None of the above is opinion; it’s all fact.
Jackie Calmes reports that Democrats think they have hit on a winning broader issue, and here’s the key insight about the politics of the situation:
Democrats have concluded from the payroll tax debate that Republicans are vulnerable over their opposition to any new taxes on the wealthy in a way they were not when Democrats proposed such taxes for deficit reduction. So they have reprised an old message — that Democrats fight for the middle class, Republicans for the rich — and are likely to sound it through 2012, in hopes of blunting the headwinds they face as unemployment remains high.

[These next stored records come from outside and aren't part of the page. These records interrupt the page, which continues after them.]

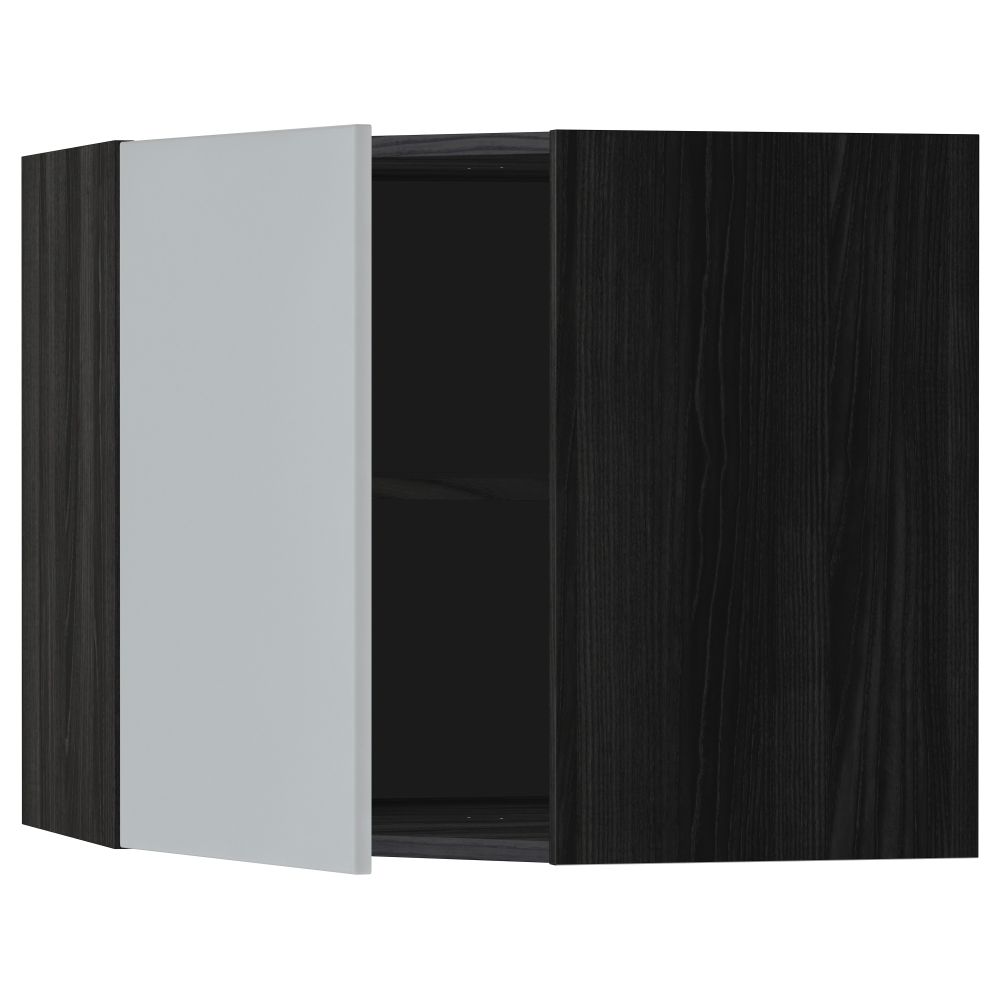 Угловой навесной шкаф с полками МЕТОД, черный, Веддинге серый - схема-чертеж с размерами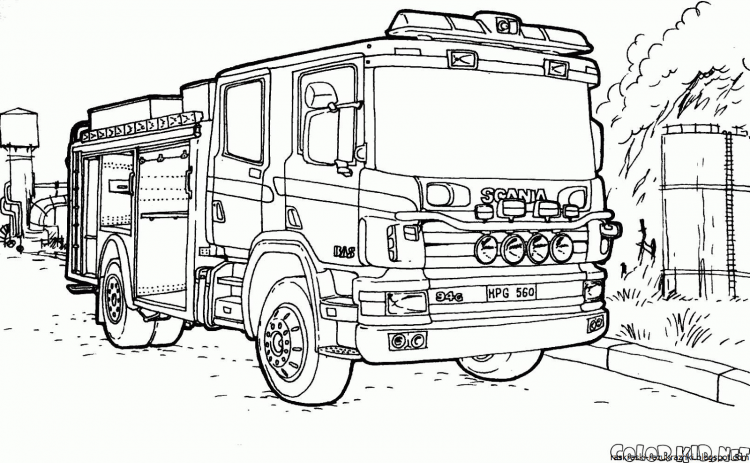 Раскраска пожарная машина ЗИЛ 130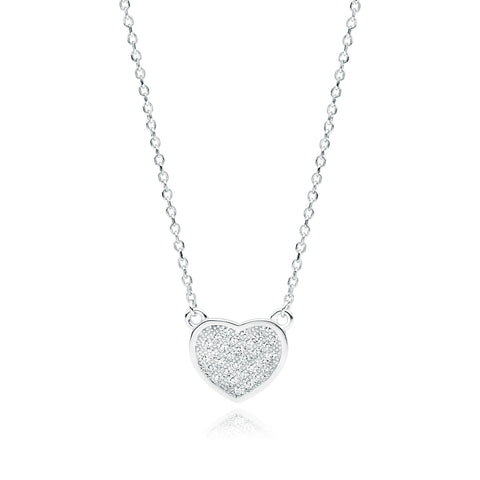 Sølv halskæde hjerte med hvide zirkoner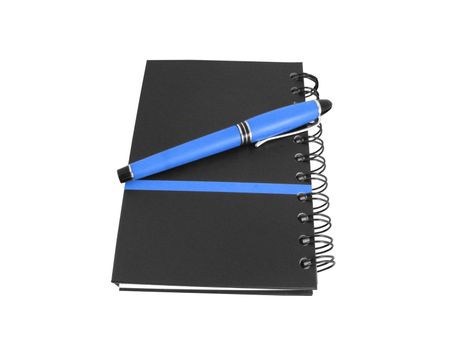 Notebook and pen isolated on white background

Dems erred by acquiescing to the GOP’s focus on the deficit, but now Dems think the battle has finally shifted on to turf favorable to them. Dems believe the public’s rising concern about inequality has created an environment in which their class-based argument will have newfound resonance. As Chuck Schumer said recently, Dems think this rising anxiety is rooted in a fundamental shift in the public’s perceptions of the economy: That the bottom has fallen out from under the middle class because the old rules — work hard, and you’ll get ahead — are no longer operative for anyone but those at the very top.
Dems intend to relentlessly frame their message around this idea: They want government to act to restore the middle class’s security and future, while Republicans are implacably and ideologically hostile towards any such government action, particularly if it means the wealthy have to sacrifice anything in the process. Dems are gambling that the public’s grasp of this basic difference in priorities between the parties will overcome the GOP’s argument that Obama’s economic policies have failed and continuing public unhappiness with Obama over chronic economic suffering.
* Obama hits Republicans for protecting the rich: Obama’s statement on the vote leaves little doubt that drawing a sharp contrast between the parties’ priorities in stark class-based terms will be central in 2012.
“Tonight, Senate Republicans chose to raise taxes on nearly 160 million hardworking Americans because they refused to ask a few hundred thousand millionaires and billionaires to pay their fair share,” the statement said. “Now is not the time to put the economy and the security of the middle class at risk.”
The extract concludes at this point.